CXCL9 came out as the topmost for discriminating DR-TB/DS-TB from HC. CXCL9 is an IFN-gamma-induced chemokine that is predominantly elevated in diseased groups in our study. These are crucial drivers for T cell recruitment and activation and their reduced levels in BAL fluids of infants’ alveolar macrophages are suggestive of less protection against H37Rv infection42. Along with IFN-gamma, CXCL9 can determine the disease severity upon ESAT-6 induction43 and their increased concentration declines after therapy44. The other promising candidates reported were CCL1, CCL3, and CXCL125. Among which, CXCL1 emerged as a potential candidate that effectively discriminates active TB from LTB, healthy and non-TB lung disease and successfully met the WHO’s target product profile (TPP) criteria45. Although CXCL1 emerges one among the top 3 chemokines in our study, it only had the statistical significance to distinguish the diseased state (DS-TB/DR-TB) from healthy or LTB and did not discriminate DR-TB from DS-TB or LTB from HC.

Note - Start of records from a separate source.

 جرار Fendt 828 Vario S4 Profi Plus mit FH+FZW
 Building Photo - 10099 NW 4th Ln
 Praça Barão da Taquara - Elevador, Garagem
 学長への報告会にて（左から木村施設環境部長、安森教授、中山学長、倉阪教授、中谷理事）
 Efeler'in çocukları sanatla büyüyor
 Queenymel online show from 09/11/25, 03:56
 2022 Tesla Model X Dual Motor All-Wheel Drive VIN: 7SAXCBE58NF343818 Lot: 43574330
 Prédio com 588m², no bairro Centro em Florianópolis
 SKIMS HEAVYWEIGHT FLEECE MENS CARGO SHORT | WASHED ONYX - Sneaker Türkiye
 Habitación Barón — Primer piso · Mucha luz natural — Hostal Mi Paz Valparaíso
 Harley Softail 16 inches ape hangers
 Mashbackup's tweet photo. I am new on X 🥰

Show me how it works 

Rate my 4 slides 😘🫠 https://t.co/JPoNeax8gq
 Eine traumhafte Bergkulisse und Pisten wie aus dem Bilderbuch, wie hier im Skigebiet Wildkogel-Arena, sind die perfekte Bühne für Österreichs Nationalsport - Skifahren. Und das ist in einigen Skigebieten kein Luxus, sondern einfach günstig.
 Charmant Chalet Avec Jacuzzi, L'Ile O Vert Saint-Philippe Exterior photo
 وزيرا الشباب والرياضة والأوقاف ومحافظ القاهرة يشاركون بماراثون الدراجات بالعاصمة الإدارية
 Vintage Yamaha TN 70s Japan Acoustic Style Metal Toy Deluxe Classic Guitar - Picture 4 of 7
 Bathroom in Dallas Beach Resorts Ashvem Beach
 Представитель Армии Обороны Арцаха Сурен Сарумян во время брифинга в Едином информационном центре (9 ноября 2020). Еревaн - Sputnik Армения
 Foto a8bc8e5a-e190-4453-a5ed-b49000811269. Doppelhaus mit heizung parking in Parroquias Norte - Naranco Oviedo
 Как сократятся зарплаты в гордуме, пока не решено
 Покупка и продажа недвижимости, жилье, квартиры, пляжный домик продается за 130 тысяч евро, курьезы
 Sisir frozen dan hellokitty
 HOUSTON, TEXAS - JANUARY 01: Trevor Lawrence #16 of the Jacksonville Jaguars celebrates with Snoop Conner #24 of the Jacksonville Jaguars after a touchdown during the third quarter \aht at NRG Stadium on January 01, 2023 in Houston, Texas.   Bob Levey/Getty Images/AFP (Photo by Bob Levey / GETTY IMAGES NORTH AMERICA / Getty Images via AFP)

Our data revealed that most of the estimated chemokines CXCL11, CXCL10, CXCL9, CXCL1, CCL3, CCL2, and CCL1 were remarkably higher in the DR-TB and DS-TB groups. Thus, many chemokines invariably extend their association towards disease burden with good diagnostic abilities with profound AUC values greater than 0.8 between various group comparisons. Nevertheless, only a few were able to differentiate DR-TB from DS-TB. Interestingly, Guzman et al., stated the probable differences between MDR-TB and DS-TB are due to the expression pattern of chemokine receptors (CCR2 and CCR4) in monocytes that control the kinetics of immune cell migration and recruitment rather than chemokine ligands. They also observed a continued increase of CD3+ monocytes, CCR4+ monocytes, CXCR1+ and CXCR3+ T cells in the circulation of MDR-TB patients even after anti-TB treatment that could aid chronicity of infection and delay in recovery46. Being a cross-sectional approach, our study lacked the follow-up data that could promptly help to identify biomarkers for culture conversion, bacterial burden, treatment response and outcome. In addition to this, the investigated panel had limited chemokines and other prominent chemokines (for example CCL-5) are being missed out. However, on a positive side, our study had an appreciable sample size with the inclusion of different spectra of TB infection/disease (LTB, DS-TB, and DR-TB groups) that could briefly suggest the chemokine signature with their diagnostic abilities. To conclude, CXCL10 and CXCL9 emerged as signatures for drug-sensitive and drug-resistant TB. Further extending the chemokine panel with longitudinal and functional studies may enable the true candidates to diagnose different TB infection stages.